La presse et les médias de droite et d’extrême droite, en particulier, ne cessent, depuis des années, de dénoncer « le retour » d’une prétendue « censure », et de répéter qu’ « on » ne pourrait « plus rien dire ». Ce sont le plus souvent les mêmes éditocrates qui sont systématiquement présentés comme les victimes de cette « censure »  –  des gens comme Michel Onfray,  Éric Zemmour. C’est à dire des gens qui, dans la vraie vie, disposent d’un accès illimité à la plupart des médias, où ils peuvent absolument tout dire, même les pires horreurs – et le fait est qu’ils ne s’en privent pas.
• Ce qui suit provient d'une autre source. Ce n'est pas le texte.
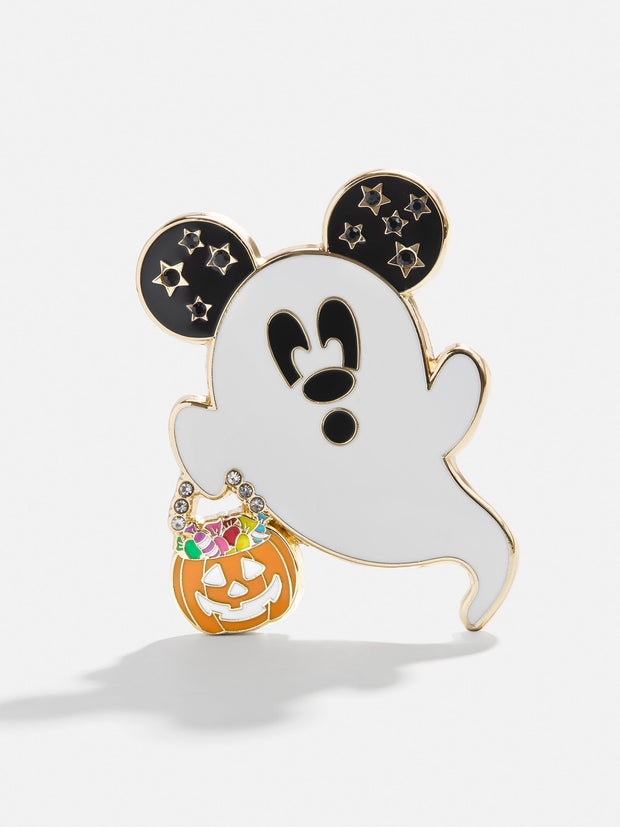 Mickey Mouse Disney Ghost Pin - Disney Ghost Pin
Le cas de Zemmour est spécialement éclairant : ses condamnations pour provocation à la haine raciale n’ont nullement dissuadé ses nombreux employeurs – Le Figaro, CNews, Paris Première – de continuer, imperturbablement, à lui offrir des tribunes, quotidiennes ou hebdomadaires, depuis lesquelles il a quant à lui continué à dérouler sa propagande xénophobe. Mais comme il ne sait manifestement pas ce qu’est la honte, il se comparait régulièrement aux dissidents soviétiques victimes de la censure stalinienne.

Lorsqu’il a annoncé sa candidature à l’élection présidentielle, les chaînes de télévision ont dû décompter son temps de parole : c’est une procédure démocratique normale, la même pour tous les candidats. Mais il a de nouveau hurlé à la « censure », en chœur avec ses journalistes d’accompagnement.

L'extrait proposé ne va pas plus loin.